→ **What you are asked to do**:
Return the lines below exactly, starting with the line that contains "BMW 3-Series 2" and stopping after the last line.

Segment Start: Task inputs

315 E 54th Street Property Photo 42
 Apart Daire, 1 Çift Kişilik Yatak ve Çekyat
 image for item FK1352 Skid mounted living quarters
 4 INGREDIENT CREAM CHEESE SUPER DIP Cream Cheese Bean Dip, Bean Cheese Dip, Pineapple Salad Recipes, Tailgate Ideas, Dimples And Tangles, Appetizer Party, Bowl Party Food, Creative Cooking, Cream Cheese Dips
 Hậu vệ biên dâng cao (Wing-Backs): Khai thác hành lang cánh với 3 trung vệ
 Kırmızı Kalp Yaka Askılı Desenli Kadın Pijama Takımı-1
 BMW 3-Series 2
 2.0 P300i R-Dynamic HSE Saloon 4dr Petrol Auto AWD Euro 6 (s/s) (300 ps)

Segment End: Task inputs

→ **Reply to the task**:
 BMW 3-Series 2
 2.0 P300i R-Dynamic HSE Saloon 4dr Petrol Auto AWD Euro 6 (s/s) (300 ps)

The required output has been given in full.